━━━━━ MATERIAL FOR THE TASK ━━━━━

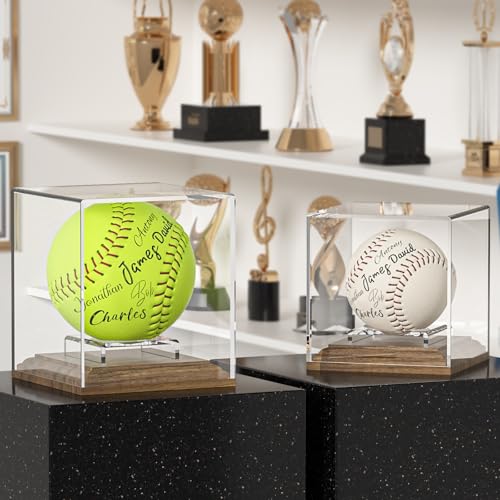 Baseball Display Case with Walnut Wood Base & Acrylic Holder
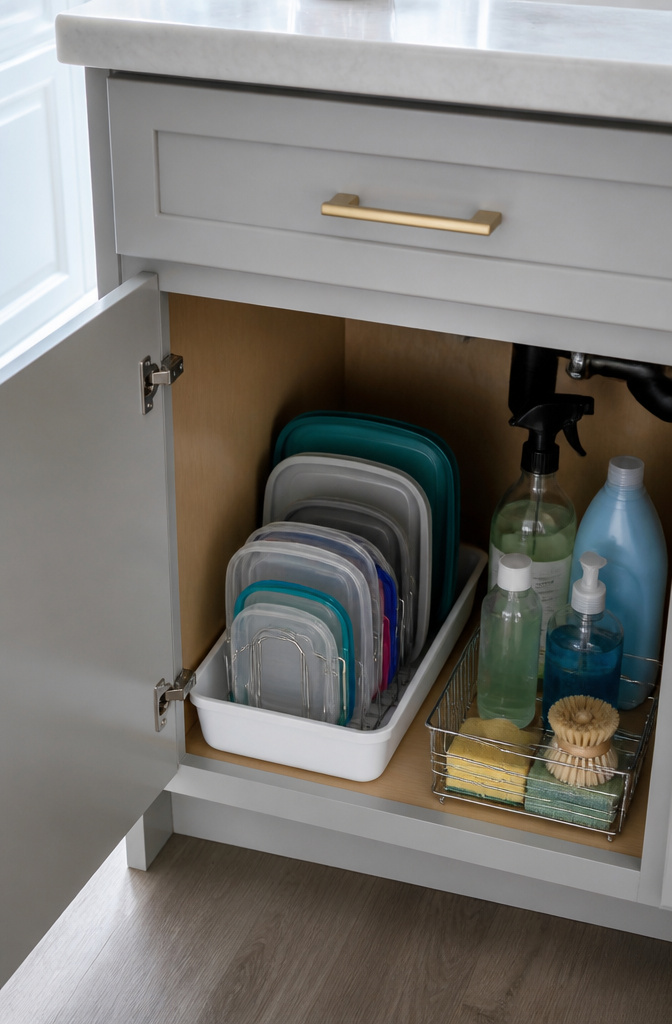 20 Clever Home Storage Ideas for Every Room in 2026 13 Plastic bin with a wire cooling rack holding various food lids.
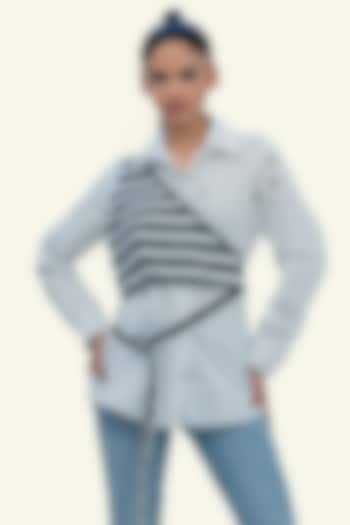 White Cotton Striped Shirt by Richaa Goenka at Pernia's Pop Up Shop
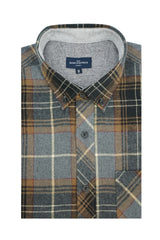 Chemise en flanelle Nijmegan en gris, anthracite et caramel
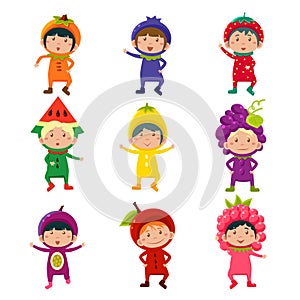 Cute Kids in Fruit and Berry Costumes Vector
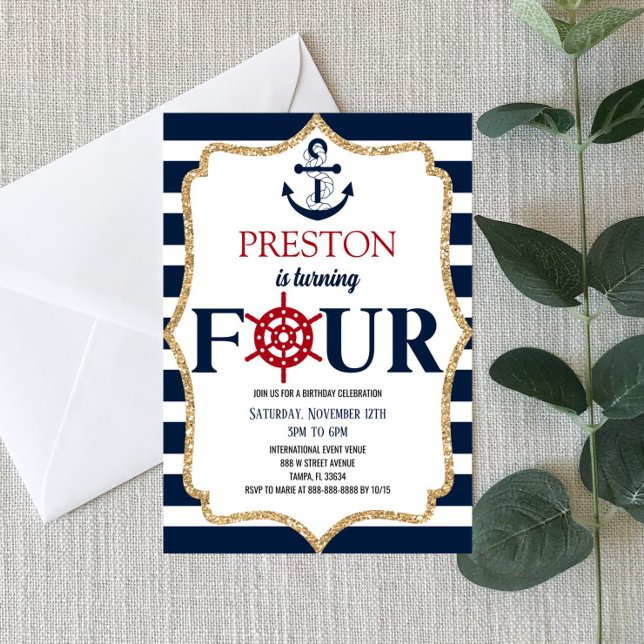 Nautical Navy Blue Four 4th Fourth Birthday Party Invitation (Creator Uploaded)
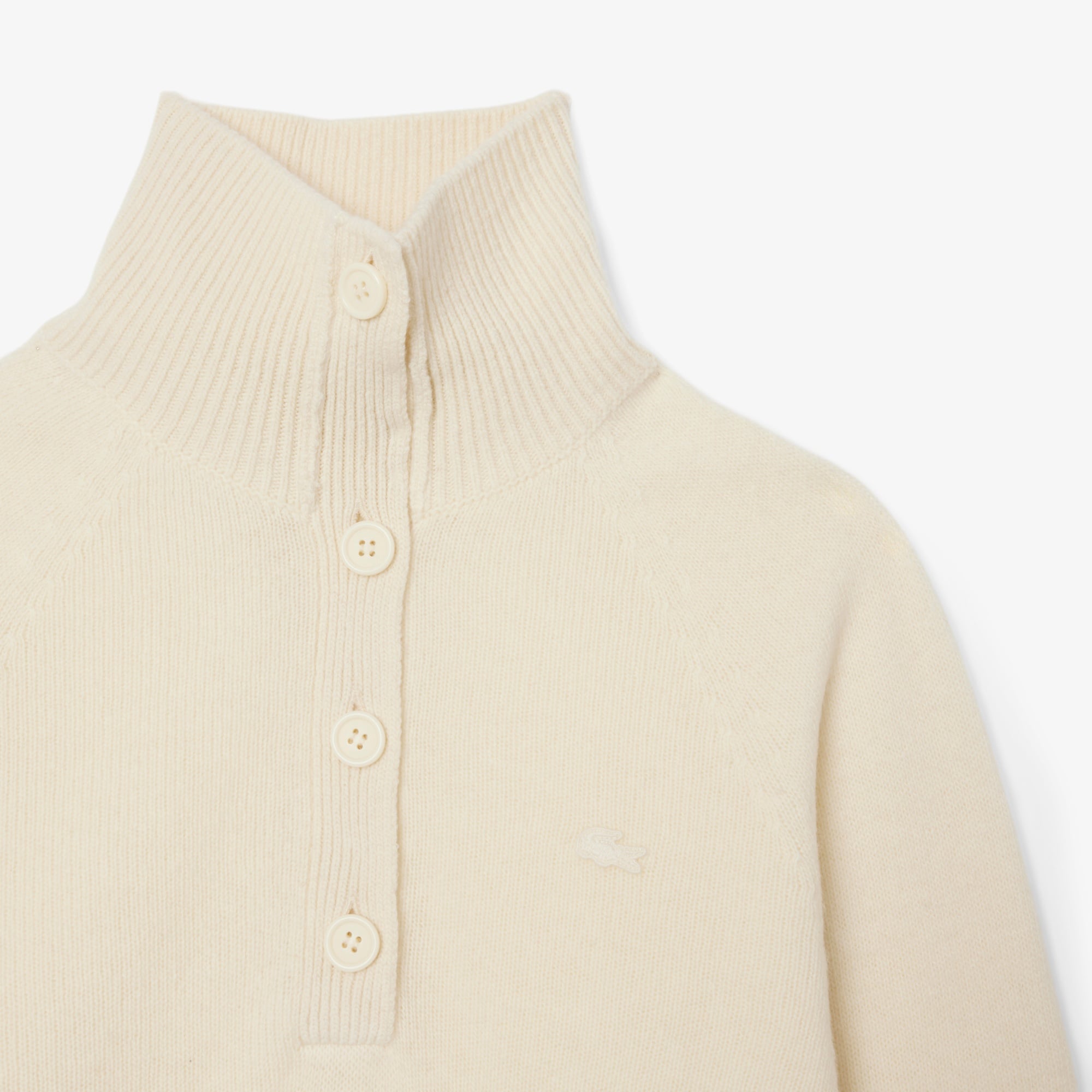 Lacoste Kadın Classic Fit Dik Yaka Krem Kazak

━━━━━

Copy out all the data without changing anything, and drop the pictures.

• EXERCISE ANSWER
 Baseball Display Case with Walnut Wood Base & Acrylic Holder
 20 Clever Home Storage Ideas for Every Room in 2026 13 Plastic bin with a wire cooling rack holding various food lids.
 White Cotton Striped Shirt by Richaa Goenka at Pernia's Pop Up Shop
 Chemise en flanelle Nijmegan en gris, anthracite et caramel
 Cute Kids in Fruit and Berry Costumes Vector
 Nautical Navy Blue Four 4th Fourth Birthday Party Invitation (Creator Uploaded)
 Lacoste Kadın Classic Fit Dik Yaka Krem Kazak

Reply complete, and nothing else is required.